With a standard FAS-DPD chlorine test, the chlorinated hydantoin's are going to show up as CC's on the test because they will not turn the DPD dye pink very fast, only the free chlorine in the water will do that. Then, when you add the R-0003 reagent, the chlorinated hydantoin's react quickly with the iodine to then cause the DPD to turn pink. So even though you are registering high CC's, they are not CC's in the traditional sense.

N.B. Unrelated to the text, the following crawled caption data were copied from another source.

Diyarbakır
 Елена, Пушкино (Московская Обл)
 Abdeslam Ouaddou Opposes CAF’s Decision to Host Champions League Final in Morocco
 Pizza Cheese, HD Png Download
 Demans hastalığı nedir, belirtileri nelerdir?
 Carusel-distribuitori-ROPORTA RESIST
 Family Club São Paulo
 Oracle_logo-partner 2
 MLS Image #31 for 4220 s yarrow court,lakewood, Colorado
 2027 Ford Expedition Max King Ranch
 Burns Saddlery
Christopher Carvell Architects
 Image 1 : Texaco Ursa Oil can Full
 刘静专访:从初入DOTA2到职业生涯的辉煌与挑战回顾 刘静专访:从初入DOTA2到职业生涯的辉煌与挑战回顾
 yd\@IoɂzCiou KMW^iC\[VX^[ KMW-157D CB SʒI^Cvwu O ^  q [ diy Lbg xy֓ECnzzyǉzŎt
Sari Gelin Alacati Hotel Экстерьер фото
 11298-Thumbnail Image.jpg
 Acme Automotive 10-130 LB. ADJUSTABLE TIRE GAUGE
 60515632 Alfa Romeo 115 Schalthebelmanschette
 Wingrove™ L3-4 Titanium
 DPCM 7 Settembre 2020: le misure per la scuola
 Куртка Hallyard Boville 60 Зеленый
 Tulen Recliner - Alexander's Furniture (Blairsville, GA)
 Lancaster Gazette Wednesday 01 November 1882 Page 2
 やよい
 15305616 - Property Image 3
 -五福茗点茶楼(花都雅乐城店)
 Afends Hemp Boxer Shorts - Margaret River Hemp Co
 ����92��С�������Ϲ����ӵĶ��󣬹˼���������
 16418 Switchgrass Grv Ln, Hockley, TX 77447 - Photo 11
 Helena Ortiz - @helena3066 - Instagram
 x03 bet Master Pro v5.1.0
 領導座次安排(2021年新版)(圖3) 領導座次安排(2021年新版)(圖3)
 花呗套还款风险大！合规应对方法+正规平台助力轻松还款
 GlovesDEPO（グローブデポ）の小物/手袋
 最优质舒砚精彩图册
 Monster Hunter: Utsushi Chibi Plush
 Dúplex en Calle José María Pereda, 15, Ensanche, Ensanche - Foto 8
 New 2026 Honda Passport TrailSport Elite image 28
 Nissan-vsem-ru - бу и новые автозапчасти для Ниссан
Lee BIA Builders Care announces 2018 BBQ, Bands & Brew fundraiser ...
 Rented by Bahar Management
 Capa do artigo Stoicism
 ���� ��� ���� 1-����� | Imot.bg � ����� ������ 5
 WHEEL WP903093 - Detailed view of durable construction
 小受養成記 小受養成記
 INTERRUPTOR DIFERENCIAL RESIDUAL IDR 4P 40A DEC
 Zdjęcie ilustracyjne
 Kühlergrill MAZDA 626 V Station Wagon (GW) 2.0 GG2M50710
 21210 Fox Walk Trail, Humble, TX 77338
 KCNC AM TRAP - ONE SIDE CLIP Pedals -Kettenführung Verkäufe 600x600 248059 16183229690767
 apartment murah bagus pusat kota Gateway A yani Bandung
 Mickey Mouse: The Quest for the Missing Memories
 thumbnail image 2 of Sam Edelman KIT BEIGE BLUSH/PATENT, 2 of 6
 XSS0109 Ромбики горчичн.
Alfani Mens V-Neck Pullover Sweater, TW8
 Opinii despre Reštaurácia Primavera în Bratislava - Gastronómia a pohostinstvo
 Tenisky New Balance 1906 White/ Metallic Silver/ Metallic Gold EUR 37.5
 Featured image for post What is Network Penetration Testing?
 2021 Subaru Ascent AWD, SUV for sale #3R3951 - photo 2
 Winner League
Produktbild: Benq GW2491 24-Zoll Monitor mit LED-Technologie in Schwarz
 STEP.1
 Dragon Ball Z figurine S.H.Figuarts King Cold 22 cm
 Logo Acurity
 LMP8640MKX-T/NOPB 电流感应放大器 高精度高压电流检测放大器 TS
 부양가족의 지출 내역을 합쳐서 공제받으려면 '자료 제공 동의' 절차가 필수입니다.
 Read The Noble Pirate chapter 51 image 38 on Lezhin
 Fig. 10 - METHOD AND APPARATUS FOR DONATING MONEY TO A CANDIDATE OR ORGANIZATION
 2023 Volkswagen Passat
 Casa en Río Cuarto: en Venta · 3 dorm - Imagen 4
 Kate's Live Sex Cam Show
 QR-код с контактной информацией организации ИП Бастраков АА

So, in your case, if you use the @Ease system, you can only measure TC (total chlorine) in your tub. So what you do is add the DPD indicator powder, then add 5 drops of R-0003, then titrate with the R-0871. What you measure is the total chlorine which is the sum of the free chlorine and the reserve chlorine. You can certainly measure them independently as you have been doing, but the second number you get is going to be a mixture of reserve chlorine (chlorine bound to DMH/EMH) and whatever bather waste has been converted into true CCs. Unfortunately, there's no way to separate those numbers.

The Frog @Ease system also adds minerals to your spa (silver). There's nothing wrong with that but you may notice staining over time if they were to get too high.

If your TC is measuring above 5-6ppm, then you need to turn down your @ease chlorinator (does it have an adjustment?).

Did you purge this hot tub with Ahh-some before using it?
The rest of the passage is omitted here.